さて、9月当初は家庭での生活が忘れられずに、登園を渋る子が出てくるかも知れません。長引かせない為には、「○○先生が○○ちゃんの顔が見たいと言っていたよ!」とか「幼稚園でお友達が○○ちゃんに会いたいって言ってるよ!」等と優しく話してやり、まずご両親が子どもの心の状態を認め、次に子どもの力を信頼して家庭から園に力強く送り出して下さい。保護者が「園に行きたくない=不登校」と不安になることは一番禁物です。担任と相談しながら問題点を確認して、良い方法を見つけ出していきましょう。
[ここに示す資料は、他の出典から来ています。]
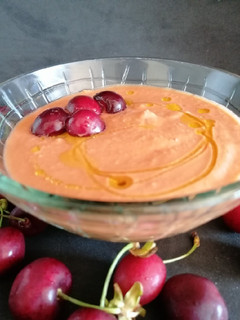 Una foto de Gazpacho de cerezas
ある教員研修会で某講師は「この地球上で一番尊い仕事は何でしょうか」と問いかけました。しばらく間をおいて講師から「その答えは、子どもを産み育てること、その産み育てることを支える仕事が一番尊い」と、語ってくれました。私は常々思っていたことをズバリ言い切ってくれた講師に、心の中で大きな拍手を送りました。米国の新しい流れの中に、高学歴の女性たちが子どもが小さい間は仕事を離れて「私は私の子どもの母親です」と胸を張って宣言し、子育てに専念する傾向があり、社会のステータスともなっているそうです。女性の自己実現や解放することに、あれ程熱心に取り組んできた米国社会が、日本の「専業主婦」について、最も大切なものとして評価しはじめたことはうれしい限りです。子ども達が物理的な親の保護を必要とする期間はそう長くはありません。子どもが親の愛情と世話を必要とする間はしっかりと親としての務めを果たしてこそ、人間としての正しいあり方だろうと考えます。日本も母親の就業支援に片寄った子育て支援だけでなく、父親がもっと家庭生活に重心を移せる社会に変わっていく必要があると思います。
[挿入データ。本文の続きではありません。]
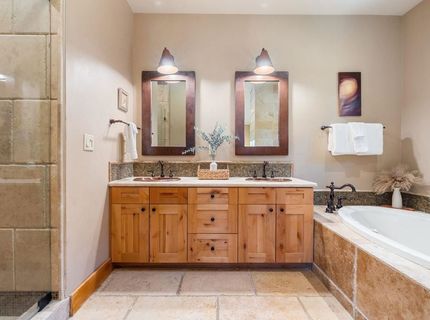 10183 Palisades Drive, Truckee, CA 96161 Photo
日本の父親の家事に関わる時間は、先進国の中では一番短いとのデータがありますが、オーストラリアの父親は「夕食は家族みんな一緒にとること」、ニュージーランドの父親は「週に何度か夕食を作ること」等、父親の家事参加は不可欠になっています。また、育児面では学力世界一のフィンランドの父親は、帰宅後、子どもに1日15分は必ず絵本を読んでやっているそうですが、多くの諸外国では父親が自然と家事や育児に参加しているようです。
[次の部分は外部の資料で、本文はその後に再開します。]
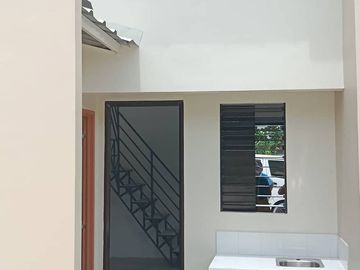 Loft townhouse for sale in Sta Isabel Carcar City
核家族化が、進んだ現在で、今、子育てはどうあるべきかを考えることは大変難しい問題ですが、「子は宝」として、子どもを大切にしてきた日本の伝統的な子育て文化を継承できるよう、みんなで知恵を出し合い子育て支援策の一層の充実を望んで止みません。
2学期には、運動会をはじめ、年長組の天覧山遠足、秋ヶ瀬遠足、お芋掘り、お相撲さんと遊べるおもちつき会、本物の??サンタさんも来てくれるクリスマス会と多彩な行事が目白押しです。園行事は保育活動にメリハリをつけるとともに、各々の行事のねらいを達成することにより、子ども達は心身ともに成長していきます。当園では、子ども達の発達段階を踏まえて園 行事の内容を厳選して、有意義な活動になるようにしっかりと指導して参ります。
休み明けで、まだ体調が園生活のリズムに戻っていないお子さんもいると思います。生活のリズムを家族ぐるみで見直して、 <早寝・早起き・朝ごはん・朝トイレ>の規則正しい生活ができるようにご協力をお願いします。